Image-text web data
►

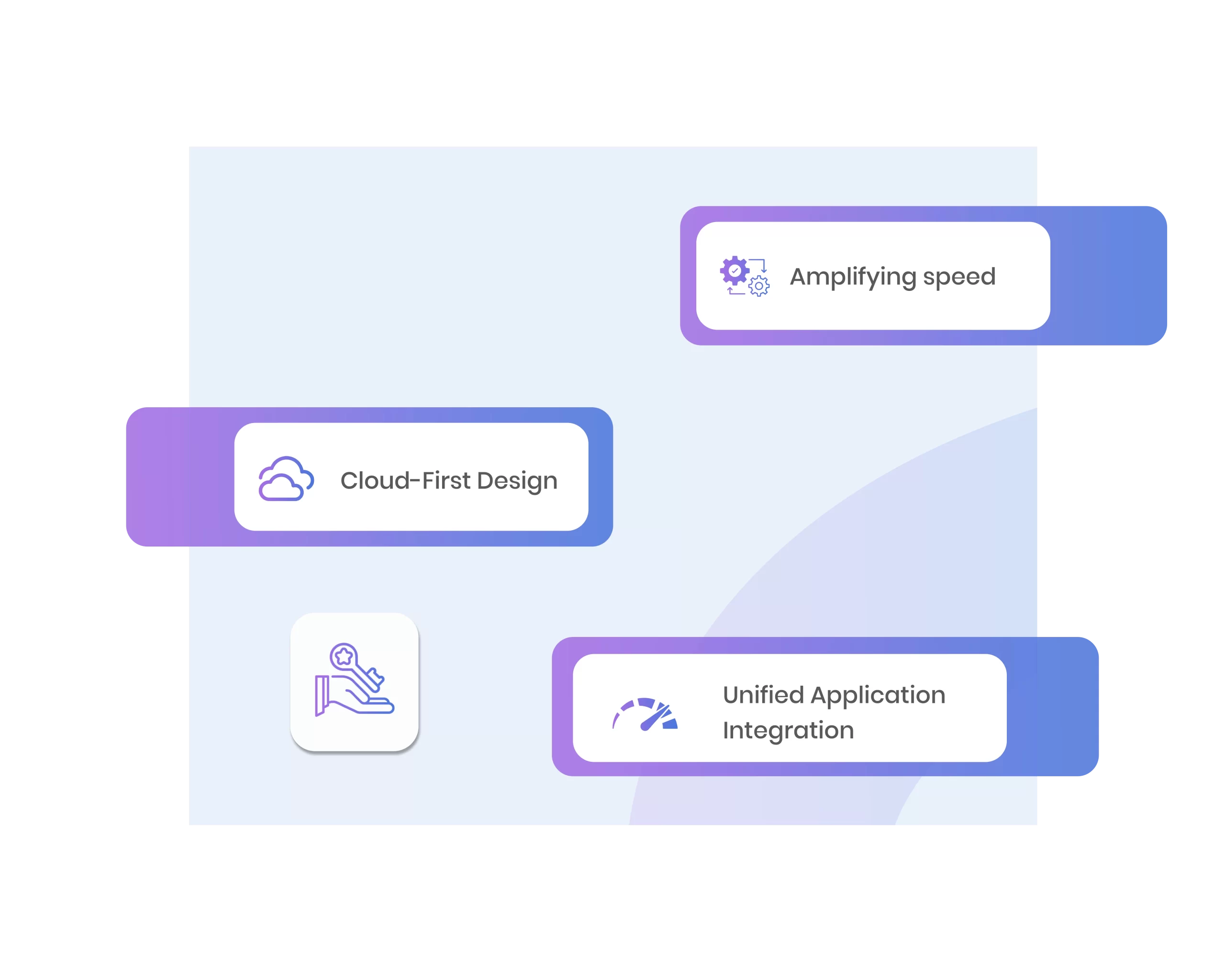 AS400 migration services2 AS400 migration services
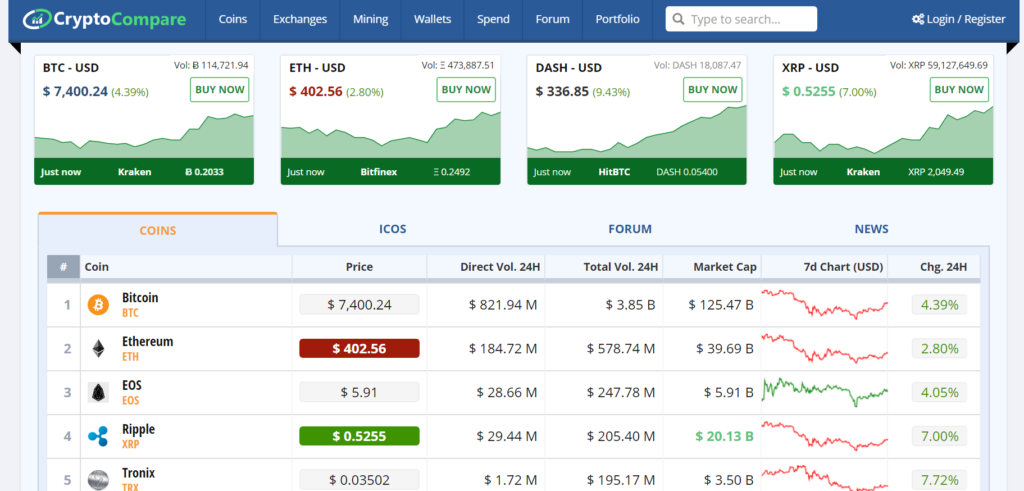 cryptocompare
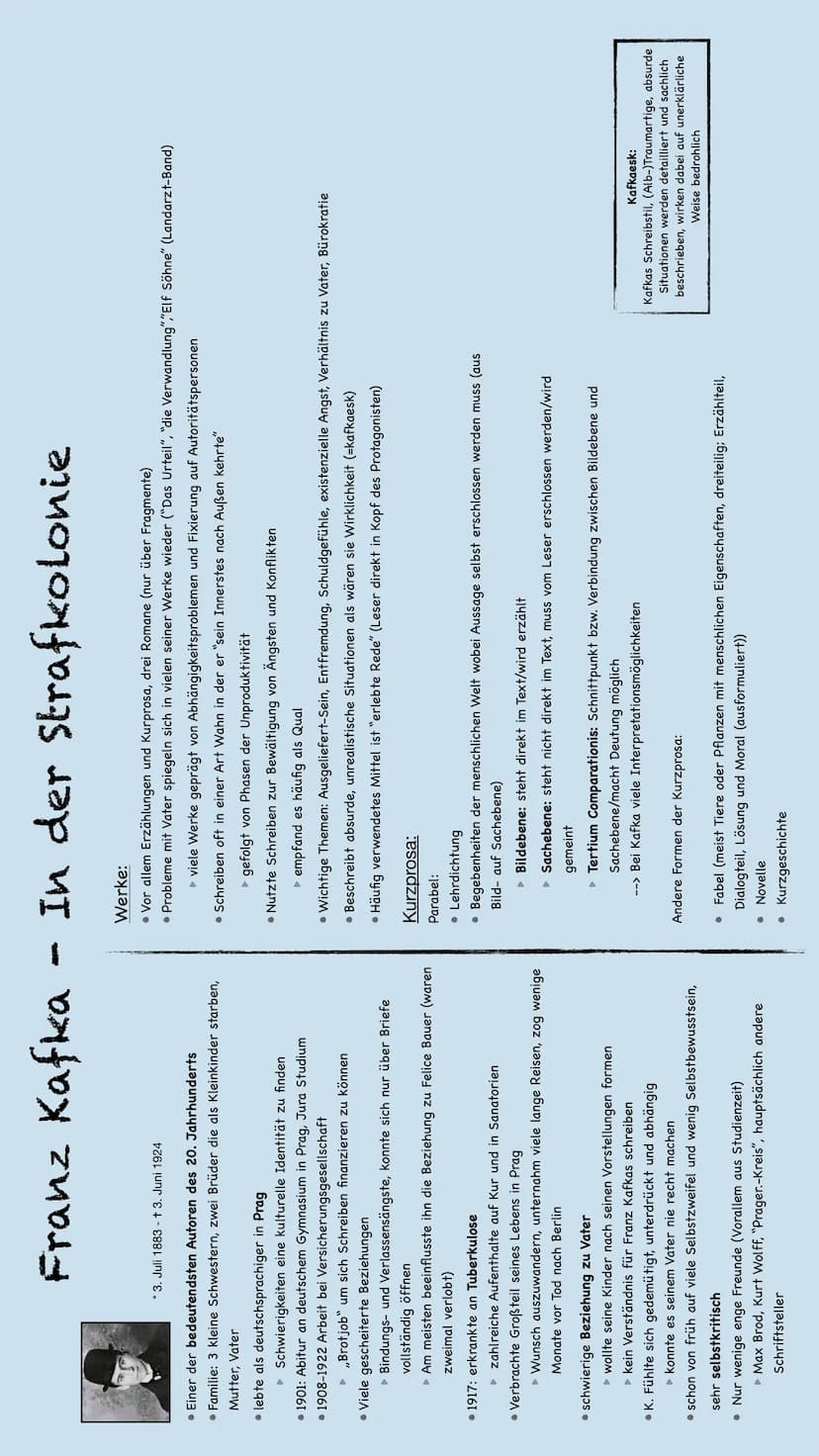 Werke des Deutsch-LK's: Themen und Bezüge im Überblick
Franz Kafka: In der Strafkolonie
Gattung: Epik
Literaturepoche: Literatur des Express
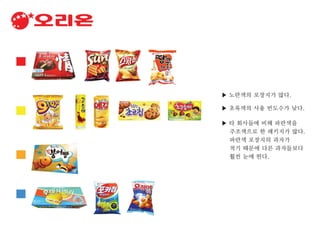 ▶ 노란색의 포장지가 많다.
▶ 초록색의 사용 빈도수가 낮다.
▶ 타 회사들에 비해 파란색을
주조색으로 한 패키지가 많다.
파란색 포장지의 과자가
적기 때문에 다른 과자들보다
훨씬 눈에 띈다.
 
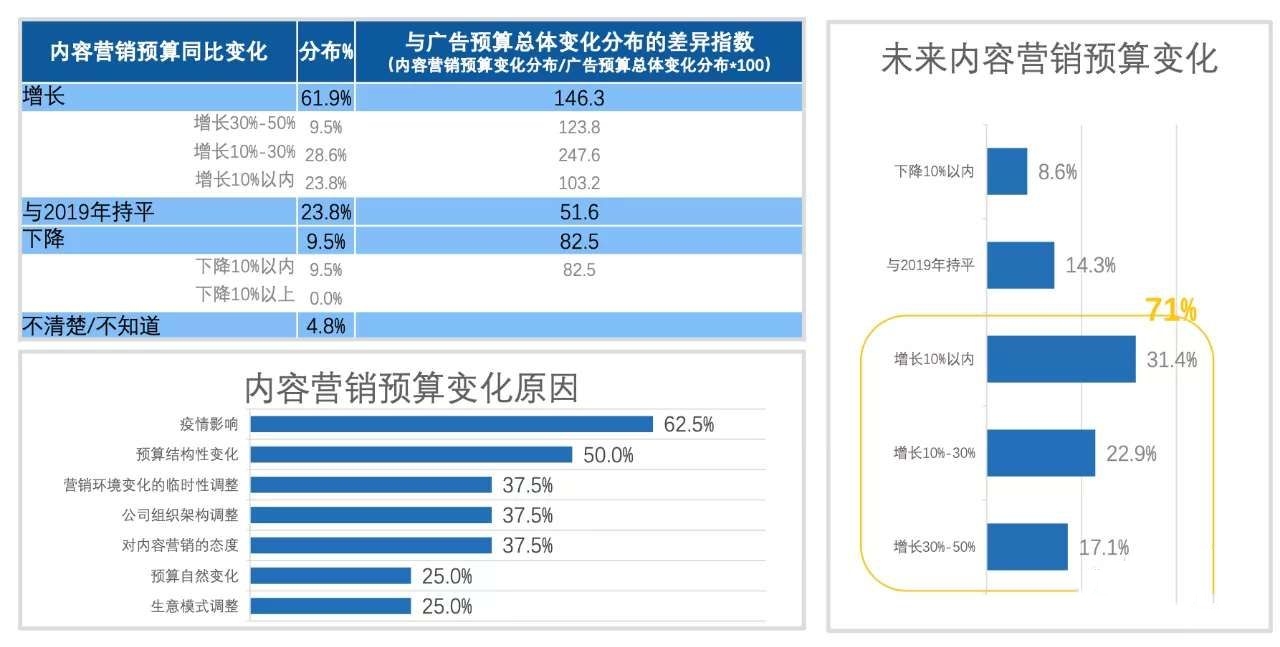 只做内容营销,没有用!-犀牛云 只做内容营销,没有用!-犀牛云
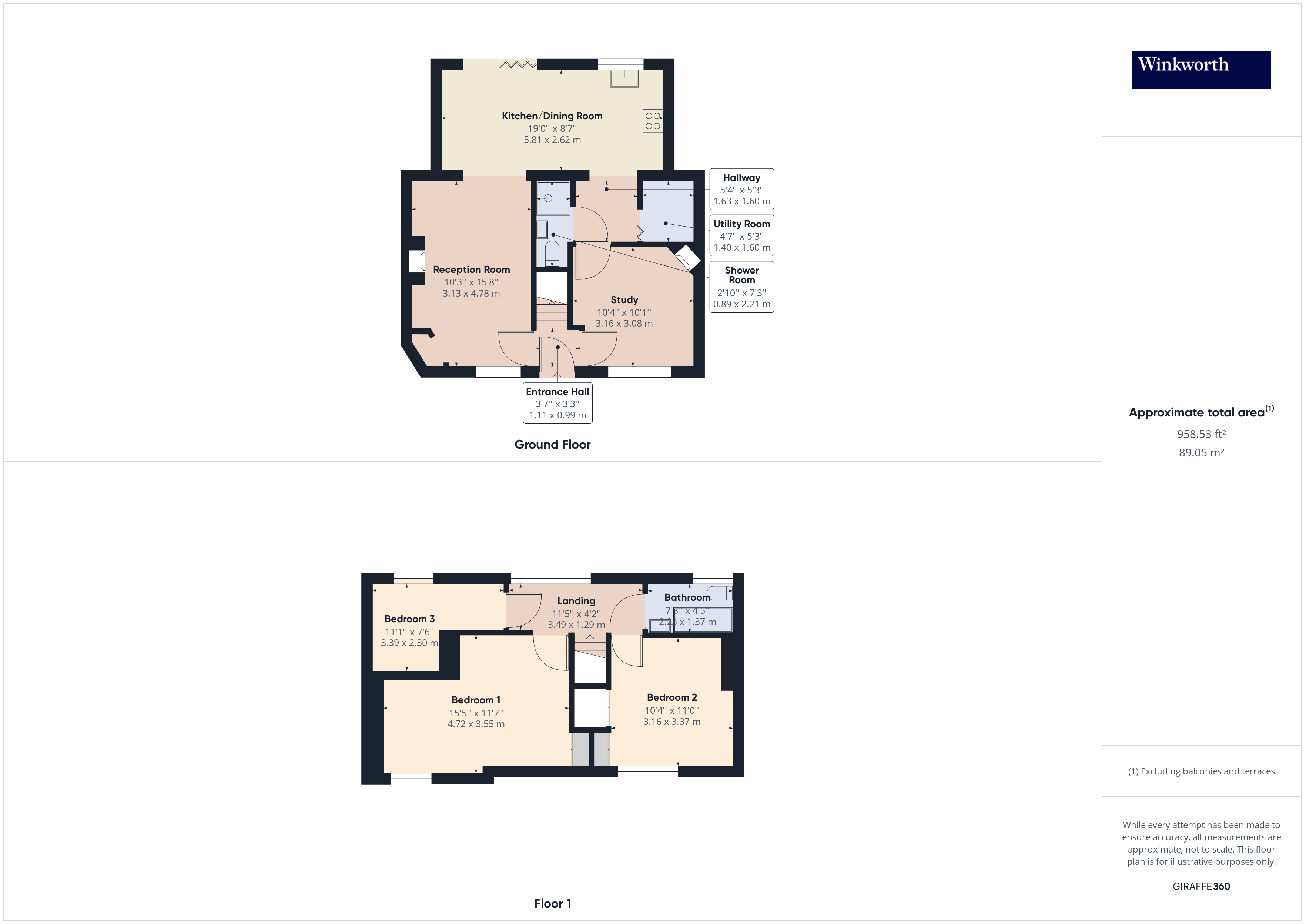 Overall Floorplan
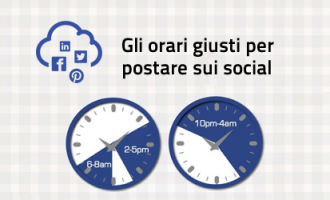 Gli orari migliori e quelli peggiori per postare sui Social Network Gli orari migliori e quelli peggiori per postare sui Social Network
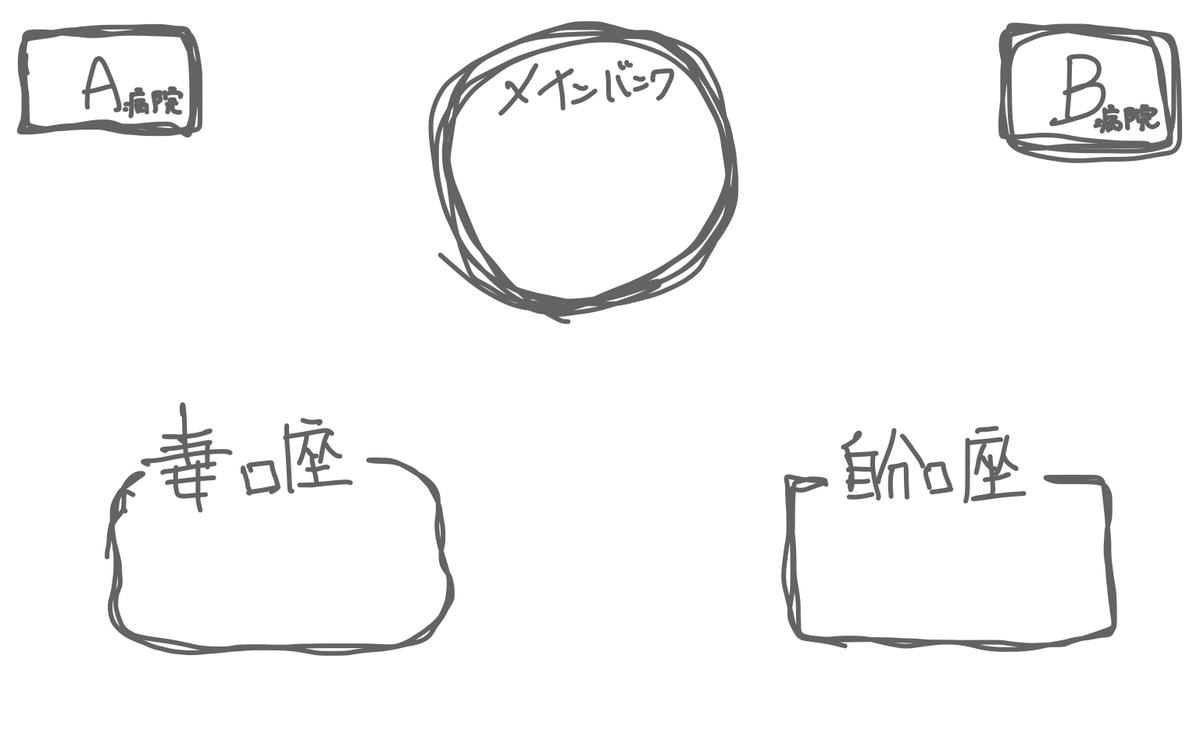 f:id:saito-K:20200914223400j:plain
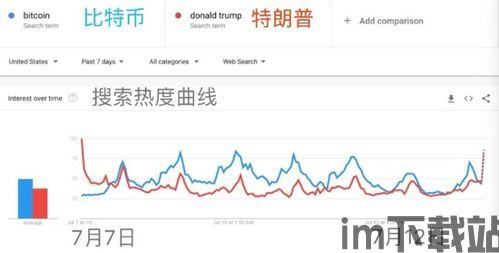 比特币年份曲线图,揭秘数字货币的崛起与波动(图2) 比特币年份曲线图,揭秘数字货币的崛起与波动(图2)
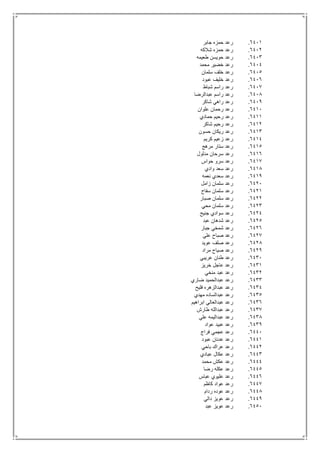 6411.‫جابر‬ ‫حمزه‬ ‫رعد‬
6412.‫شالكه‬ ‫حمزه‬ ‫رعد‬
6413.‫طعيمه‬ ‫حويسن‬ ‫رعد‬
6414.‫محمد‬ ‫خضير‬ ‫رعد‬
6415.‫سلمان‬ ‫خلف‬ ‫رعد‬
6416.‫عبود‬ ‫خليف‬ ‫رعد‬
6417.‫شباط‬ ‫راسم‬ ‫رعد‬
6418.‫عبدالرضا‬ ‫راسم‬ ‫رعد‬
6419.‫شاكر‬ ‫راهي‬ ‫رعد‬
6411.‫علوان‬ ‫رحمان‬ ‫رعد‬
6411.‫حمادي‬ ‫رحيم‬ ‫رعد‬
6412.‫شاكر‬ ‫رحيم‬ ‫رعد‬
6413.‫حسون‬ ‫ريكان‬ ‫رعد‬
6414.‫كريم‬ ‫زعيم‬ ‫رعد‬
6415.‫مرهج‬ ‫ستار‬ ‫رعد‬
6416.‫مدلول‬ ‫سرحان‬ ‫رعد‬
6417.‫حواس‬ ‫سرو‬ ‫رعد‬
6418.‫وادي‬ ‫سعد‬ ‫رعد‬
6419.‫نعمه‬ ‫سعدي‬ ‫رعد‬
6421.‫زامل‬ ‫سلمان‬ ‫رعد‬
6421.‫سفاح‬ ‫سلمان‬ ‫رعد‬
6422.‫سلما‬ ‫رعد‬‫صبار‬ ‫ن‬
6423.‫محي‬ ‫سلمان‬ ‫رعد‬
6424.‫جنيح‬ ‫سوادي‬ ‫رعد‬
6425.‫عبد‬ ‫شدهان‬ ‫رعد‬
6426.‫جبار‬ ‫شمخي‬ ‫رعد‬
6427.‫علي‬ ‫صباح‬ ‫رعد‬
6428.‫عويد‬ ‫صلف‬ ‫رعد‬
6429.‫مراد‬ ‫صياح‬ ‫رعد‬
6431.‫عريبي‬ ‫طنان‬ ‫رعد‬
6431.‫خريز‬ ‫عاجل‬ ‫رعد‬
6432.‫منخي‬ ‫عبد‬ ‫رعد‬
6433.‫ضاري‬ ‫عبدالحميد‬ ‫رعد‬
6434.‫فليح‬ ‫عبدالزهره‬ ‫رعد‬
6435.‫مهدي‬ ‫عبدالساده‬ ‫رعد‬
6436.‫ابراهيم‬ ‫عبدالعالي‬ ‫رعد‬
6437.‫طارش‬ ‫عبدالله‬ ‫رعد‬
6438.‫علي‬ ‫عبداليمه‬ ‫رعد‬
6439.‫عواد‬ ‫عبيد‬ ‫رعد‬
6441.‫فراج‬ ‫عجمي‬ ‫رعد‬
6441.‫عبود‬ ‫عدنان‬ ‫رعد‬
6442.‫باحي‬ ‫عراك‬ ‫رعد‬
6443.‫عبادي‬ ‫عكال‬ ‫رعد‬
6444.‫محمد‬ ‫عكش‬ ‫رعد‬
6445.‫رضا‬ ‫عكله‬ ‫رعد‬
6446.‫عباس‬ ‫عليوي‬ ‫رعد‬
6447.‫كاظم‬ ‫عواد‬ ‫رعد‬
6448.‫ردام‬ ‫عوده‬ ‫رعد‬
6449.‫دالي‬ ‫عويز‬ ‫رعد‬
6451.‫عبد‬ ‫عويز‬ ‫رعد‬
 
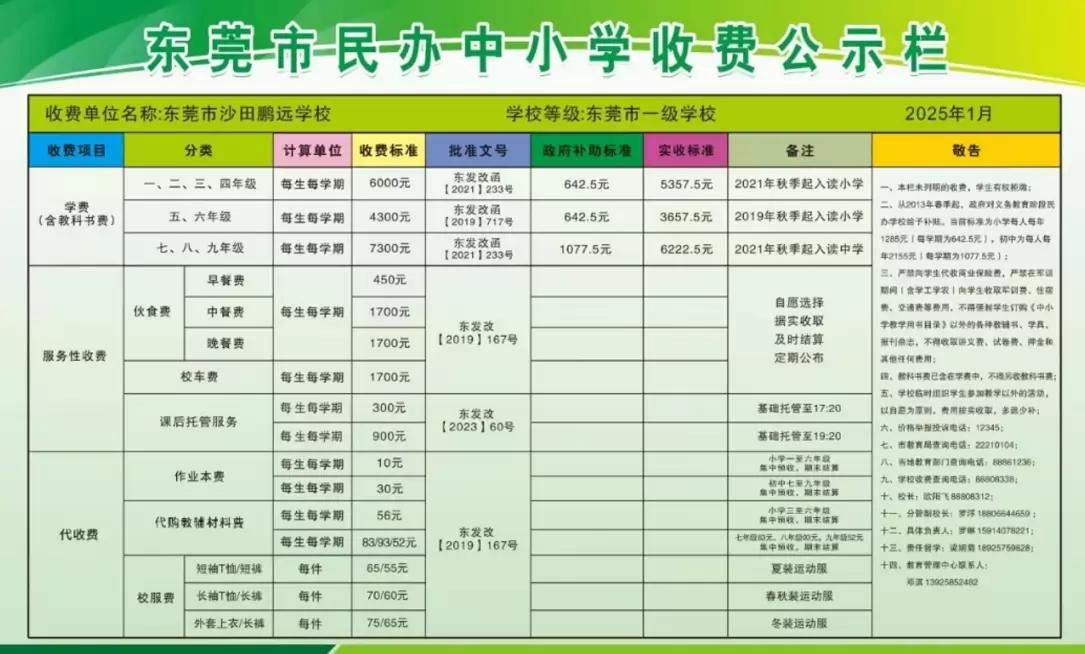 东莞市沙田鹏远学校3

◄

Would you report every line of the entries above containing the word "عبود"?

6416.‫عبود‬ ‫خليف‬ ‫رعد‬
6441.‫عبود‬ ‫عدنان‬ ‫رعد‬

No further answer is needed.